Now, thanks to the Twilight franchise we also know that Vampires apparently roll in glitter*. So this seemed like a reasonable time to address some other, lesser known stereotypes about the living-limited.
*Which, since glitter is what unicorns bleed, kind of makes sense. At least, as much as anything in that franchise.
1: Vampires all know a lot of guys named Al.

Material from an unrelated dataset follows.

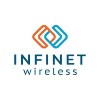 Infinet Wireless Online Conference 2020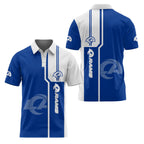 LAR Apparels SC064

- OK, it's true that the stats kind of back this one up. I mean, Minnesota Senator Al Franken alone has about 1 hundred Vampire contacts in his Outlook folder. But in his defense, as a US Senator he's supposed to work with lawmakers on the other side of the aisle, so you can't really blame him.
Validity rating - 6/10
2: Vampires are all bad at math
- Hey, we were all thinking it. I mean, my pal Ernie the Flayer knows almost nothing about quadratic equations. Nothing.
Validity rating - 9/10
3: Vampires are all members of Zydeco bands
-This one probably stems from the heavy vampire population in and around Louisiana. But honestly. This is just small mindedness. I know many vampires, and only a few of them are in Zydeco bands. Like, 7 of them at most.
Validity rating - 2/10
4: Vampires are a literary metaphor for the aristocracy living entirely on the work of the common people and giving nothing back to society.
-That's just crazy talk. They're clearly a visual metaphor for 'Things Teenage girls think are sexy'. Honestly, do a little research.
Validity rating - 0/10
5: Vampires are lazy and just sneaking into this country illegally to steal our jobs, despite the inherent contradiction between those two things.
- Don't be stupid. That's Chupacabras.